Task requirements: In the data below, find the line that contains "シェードランプ テーブルライト" and the line that contains "Elegant and Versatile winter Coat". Copy both, plus every line between them, exactly.

Records to process:
___

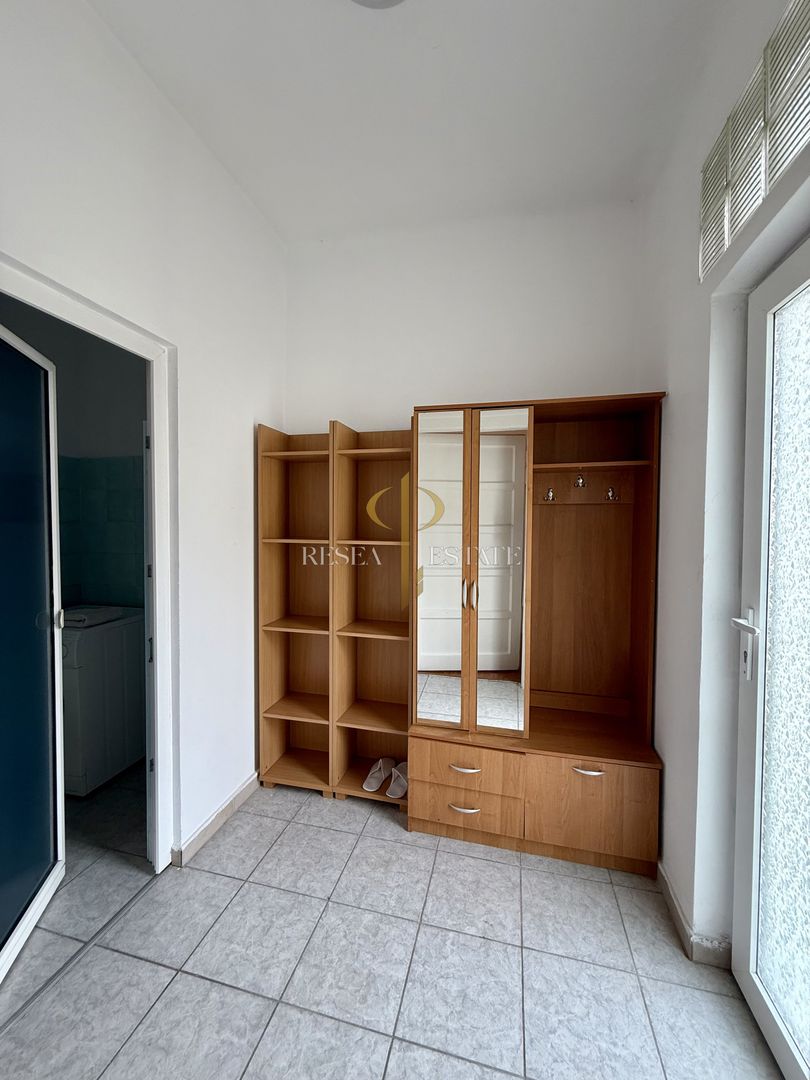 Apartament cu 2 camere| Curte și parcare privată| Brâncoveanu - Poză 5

___

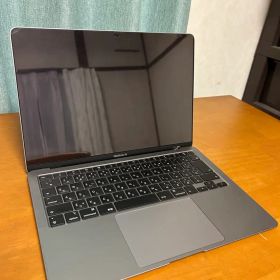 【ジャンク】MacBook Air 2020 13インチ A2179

___

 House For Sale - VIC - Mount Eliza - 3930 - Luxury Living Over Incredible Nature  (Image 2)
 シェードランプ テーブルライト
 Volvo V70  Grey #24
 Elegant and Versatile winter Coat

___

Exercise solution:
 シェードランプ テーブルライト
 Volvo V70  Grey #24
 Elegant and Versatile winter Coat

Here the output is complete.